En efecto, como lo relata Enrique Gómez, quizá la persona más cercana al líder asesinado, no solo por sus lazos familiares sino por la manera de concebir el mundo y por ser el “usufructuario de una entrañable amistad que disfrutamos sin interrupción alguna”, la amplísima estructura humanística de su hermano fue el acicate que, desde el pasado, le permitió siempre pensar en el futuro. Fueron las doctrinas y las convicciones las que le permitieron construir un aparato intelectual sobre el cual empinarse y avanzar las tesis originales que ante todo intentaban desbrozarle a Colombia una vocación futurista, pensando en grande, puesto que la base emocional de Álvaro Gómez fue, sin excepción, la esperanza. Pero no una esperanza vacua, esotérica, sino soportada en unas ideas largamente meditadas y producto de que había recorrido el país palmo a palmo y en todos sus rincones. No solo derivaba la esperanza, pues, de la ingente cultura personal antedicha, que se había fabricado como cincel en el mármol, sino del conocimiento concreto de los colombianos a los que siempre aspiró a representar democráticamente, a la luz del escrutinio público, y sin más armas que la palabra y el intelecto.

“Su posición trascendente, humanística y desde luego ortodoxa -escribió Enrique Gómez- nos dejó una abundantísima obra escrita que al repasarla nos da la sensación de que todo fue escrito ayer para la circunstancia de hoy. Hay en sus planteamientos toda una cantera ideológica que ojalá llegue a ser aprovechada por la generación presente, sumida en el desconcierto, carente de valores, huérfana de doctrina, que no aprende de la tradición y, por lo mismo, resulta incapaz de vislumbrar el futuro en el que habrá de desarrollar su propia existencia”.

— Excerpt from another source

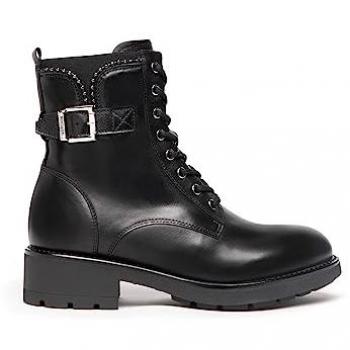 Botines Nero Giardini Mujer I205801D Negros Talla 37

Álvaro Gómez, ciertamente, quedó inscrito en “una ortodoxia dialogante y polémica que llevaba implícita la comprensión del planteamiento de la contraparte”.  Y también, como dice Enrique Gómez, fue un estoico “que quiso hacer de su vida una obra estética”. Ciertamente, el estoicismo de Álvaro Gómez está demostrado en que fue desterrado por la dictadura, secuestrado por las guerrillas y finalmente asesinado en las circunstancias más confusas, inverosímiles y cobardes, justo a la salida de dictar su famosa cátedra a los alumnos universitarios cuando al mismo tiempo denunciaba en sus escritos y conferencias lo que llamaba el Régimen, un cúmulo de circunstancias nefandas que daban al traste con los principios democráticos que tanto esfuerzo le habían significado al país. Pero aun así, en vida jamás perdió su amor y optimismo por Colombia.

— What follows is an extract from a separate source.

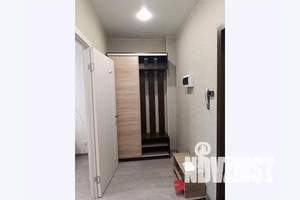 1-к квартира, посуточно, 50м2, 8/21 этаж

En efecto, al tenor de lo dicho por Enrique Gómez, “luchador de primera línea en las contiendas políticas, no vaciló un instante en prestar su colaboración abierta a todos los intentos de reconciliación de los colombianos”. Ese, a no dudarlo, fue el talante esencial de Álvaro Gómez, muy por encima de las balas cobardes y asesinas que ni aún hoy han podido acallar su dialéctica y sus conceptos inscritos en la historia como el pensador y gran exponente de la raza colombiana que fue.